As some of you may know, RumCask spent some time in Cornwall recently and ended up in St Ives along the pier at the Rum & Crab Shack. A great location on the harbour and a unique selling point of having a wide selection of rum with their food – they were guaranteed a visit from me!

The Rum & Crab Shack was established in St Ives in 2012 by a team of four who were drinking rum and had a light-bulb moment to combined rum with their other favourite thing – crab.

The restaurant is set on the first floor, which is ideal to give the patrons a nice view. The house rum there is Dead Man’s Fingers which is a small batch spiced rum created by the shack itself. The menu is full of fresh seafood as expected, with a section dedicated to lobster and crab. They have a bar area where you can come in for a drink, or wait to be seated for food (no reservations here, first come, first served!).

As you may have seen on our Instagram, the first drink we tried was the house cocktail, ‘dead mans grip.’ It’s a mixture of lemon and lime juice, passion fruit syrup, Benedictine, peach bitters and egg whites along with the house rum. A delicious and incredibly moreish cocktail that seemed to drink itself!
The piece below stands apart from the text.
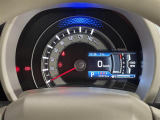 【メーターまわり】ドライバーから見やすい位置にあって安全運転に寄与します。マルチインフォメーションディスプレイでは、クルマに関するたくさんの情報を確認可能。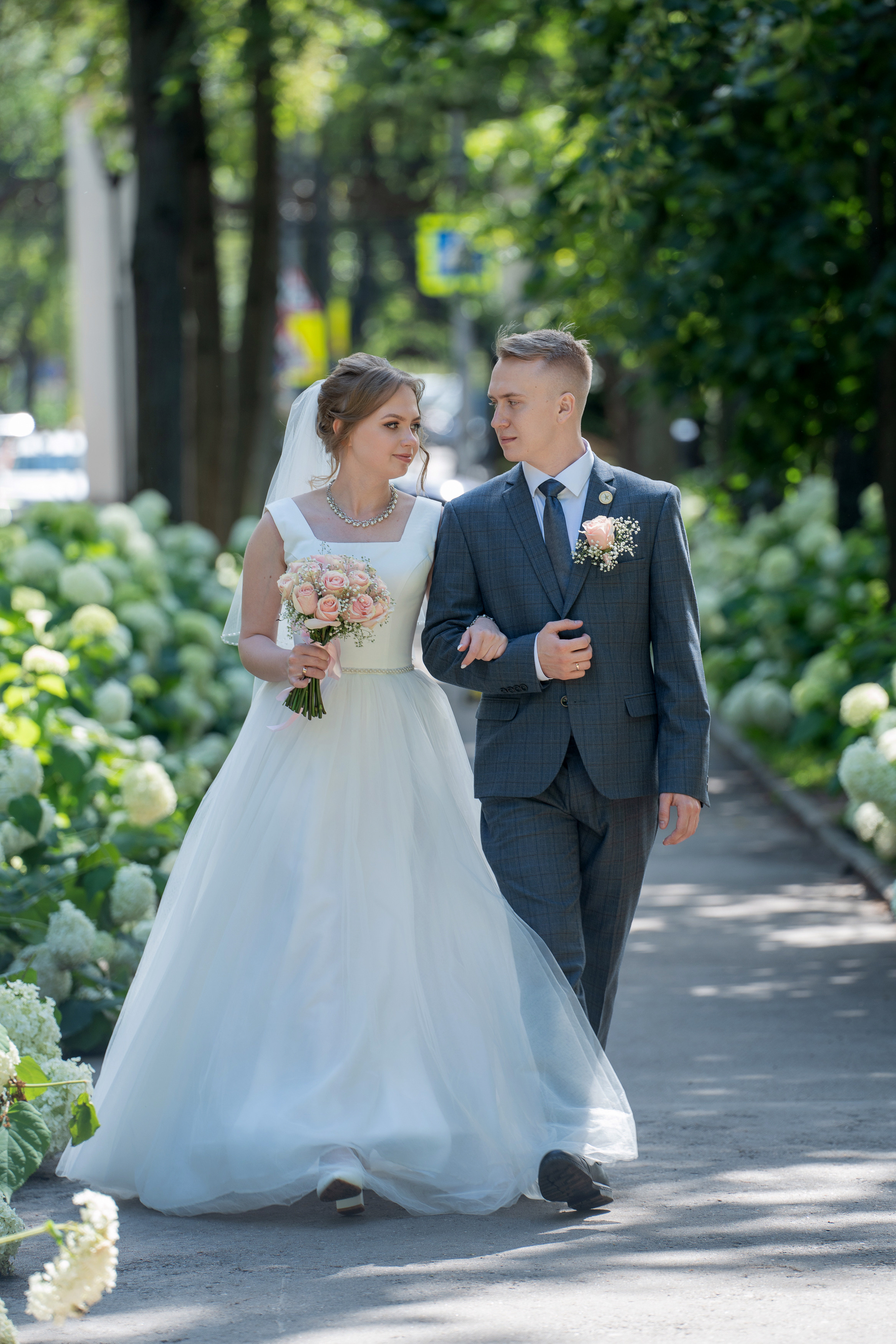 Свадебная прогулка в парке Горького Москва. Портретный фотограф Олеся Владимирова в Москве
The staff on the restaurant side were also warm and welcoming. Even though they seemed full, they managed to squeeze us in for a table for some dinner, which was hugely appreciated. It was definitely a busy night when we were told 3 of the dishes we wanted were sold out. We settled on the Whitebait and the Rum and Crab soup to start. This was followed by the Crab Claws and the Lobster Mac & Cheese. The standout dishes were the Whitebait and the Crab Claws. A top meal to accompany the rum.

The dessert is where they really excelled. Torn between the ‘Espresso Yourself’ cocktail and the Rum Cake, a tough decision was made, with the Rum Cake being the winner. Topped with cream cheese frosting and served with Cornish vanilla ice cream, the rum (dead man’s fingers) and vanilla soaked cake was sublime. A great way to round off the meal.
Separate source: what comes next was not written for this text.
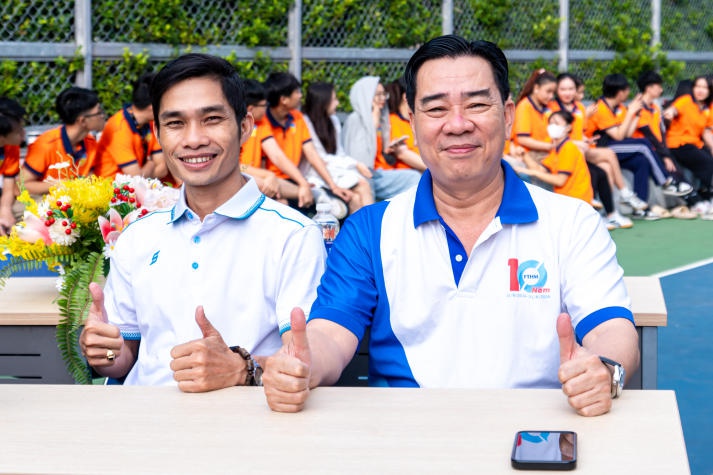 Khoa Quản trị 13Win002 Truy cập link - Nhà hàng - Khách sạn khai mạc Hội thao Tải app 13Win năm học 2024-2025 21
Another point worth mentioning is the price of the rum in the bar. This was extremely competitively priced, and much lower than I expected. If you would like to try a variety of rums without breaking the bank, then the bar here is worth the visit.

Overall, a very enjoyable visit to a very cool rum bar which as a bonus does really tasty food with amazing views. An all round winner in our book, make sure you go down and check it out!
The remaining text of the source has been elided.